In fact, the move is just a formality, and the bill is already as good as in the bank. And the plan is not selfish in the slightest. Revenues raised through facilities such as the national lottery Loterias Caixa (Lotex) will now be allocated to various social causes.
As a result, lotteries will also see a peak in interest across Brazil, and most importantly – a legal framework for them to operate in. As a result of the legislation, Brazil will give the Ministry of Finance and Congress a two-year window which will help it work on the legal establishment of the law, including details that have to do with taxation, implementation, licensing, regulation, and even – responsible gambling.
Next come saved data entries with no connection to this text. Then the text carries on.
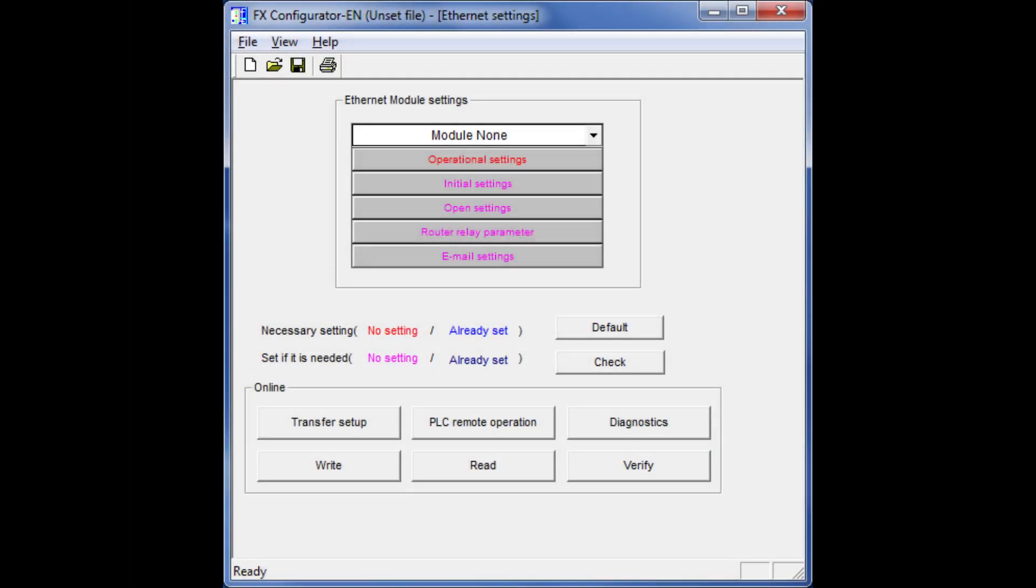To set the IP address we need a software called FX Configurator. I will add a link to download it in the description. It is a very old software so my new laptop couldn't manage to run this 32-bit software, so I am using my old laptop recording from my phone.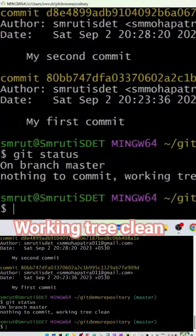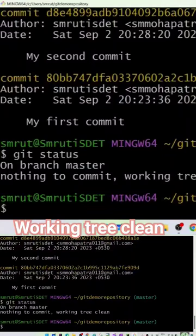So now nothing to commit, working tree clean. That means always remember the staging area or the index will always have either the code changes that have been already committed, or it can have the code changes that are going to be committed.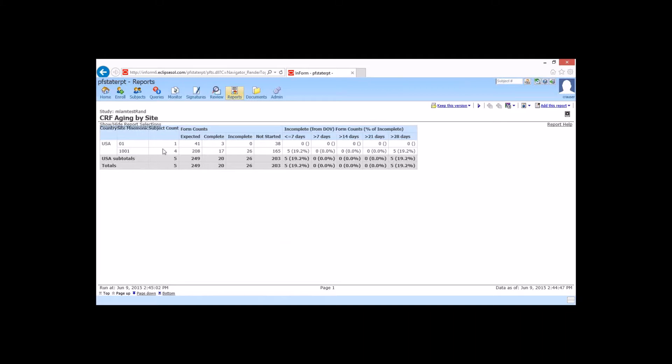So here we have a report. And what this is basically showing us is the expected number of forms for that particular site. So for 1,001, we have 208 expected forms. How many have been actually completed? How many are incomplete? So completed means they're completely filled out with no queries. Incomplete means they've been started, but they have queries or missing data. And how many have not been started?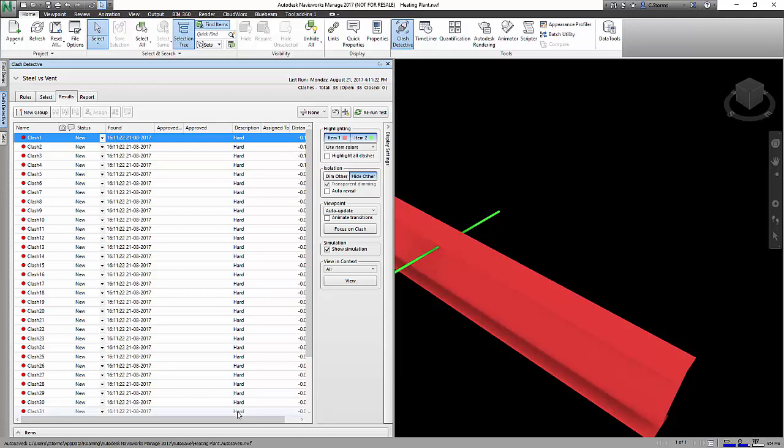The importance there is because we have these as search sets, what that means is that every time we run this clash again, Navisworks is going to send those search sets out and look for all the steel and all the ventilation. And if something has changed between last week's model and this week's model, it will update that search set and it will make sure that it runs that so that we always have the latest and greatest information. It is one of the most powerful tools that we can find inside of Clash Detective and is only available inside of Navisworks Manage.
According to Pará Senator Flexa Ribeiro who authored the measure, Brazil will now bite directly into the outflow of capital directed at offshore betting establishments. According to Brazil, the country loses over $1 billion to foreign operators.
By introducing local operators instead, Brazilians can be wagering in their local market, with the taxes going to different initiatives. Most importantly, all operators will have to guarantee that 80% of the entire money flow will go back to customers. Another 14% will be allowed to go back to shareholders and be retained as profit.
Lastly, 6% of the handle will have to be allocated to various social funds and initiatives, including the National Public Security Fore (FNSP), football clubs, and educational institutions, such as public schools.
Most of this law will apply to land-based bookmakers, however, and the online establishments will see their proceedings taxed slightly differently. Online platforms will have to guarantee 89% back to their customers, perhaps because of the more accessible nature of this mode of gambling.
With the bill successfully passing through the Chamber of Deputies, the Senate will be the last legal hurdle, because the measure can be worked on in earnest in 2019. Naturally, there have been a few doubts whether this law can work.
While there has been a united front on passing the bill, one or two MPs have expressed their concerns that this may lead to a “generation of addicts”. It’s a warning that is most certainly worth addressing.
Establishing proper responsible gambling facilities, while mentioned, doesn’t seem to be the focus of the legislation, which may prove a drag on Brazil’s pursue further down the road. That’s why addressing all concerns well ahead of time is advisory.